Ждал я, наверно, более часа, пока Глазков, отодвинув на письменном столе раскрытую рукопись, сосредоточенно читал верстку с карандашом в руке.
По опыту я знал: стихи Николая Глазкова не нуждались в редактуре. И в верстке, где все гораздо виднее, чем в рукописи, он редко правил строки. Поэт доводил стихи до высшей кондиции в рукописи. Никаких хлопот, бывало, с Николаем Глазковым. Все в высшей степени аккуратно, качественно, надежно. А тут, похоже, собирается что-то исправить. Положил карандаш, взял ручку.
— Автору не успеем показать? — спросил он своим обычным голосом.
— Кому? — спросил я, желая уточнить.
— Леониду Попову. Нужно бы переписать одну строфу. Успеем?
Я сказал, что времени у нас нет. И тут же подумал: «Какой же тогда смысл в чтении верстки, если ничего нельзя исправить».
Глазков, видимо, так не считал, внимательно продолжал читать. Вижу, опять взял ручку, что-то исправил в верстке. Потом еще. Перелистнул полосу обратно, вчитываясь. Опять исправил. Что-то вписал.
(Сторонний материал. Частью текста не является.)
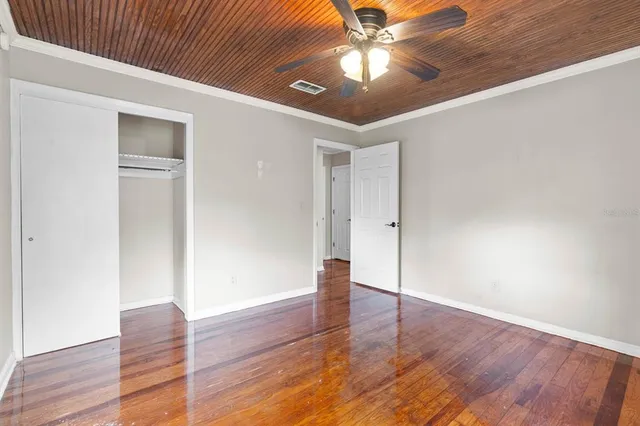 a view of empty room with wooden floor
Прочитав верстку, Николай Иванович взял чистый лист бумаги, своим отчетливым, неторопливым почерком переписал авторов и названия переведенных им стихов — не из содержания выписал, а пролистав заново верстку. Тогда только проверил: нет ли путаницы в содержании?
Я потом сравнил правку Глазкова с корректорской правкой — обе правки были абсолютно тождественны. У Глазкова так же все опечатки были исправлены, пропущенная строка вписана, отбивки между строфами в трех местах восстановлены — полный ажур!
Книга эта вышла уже после смерти Глазкова.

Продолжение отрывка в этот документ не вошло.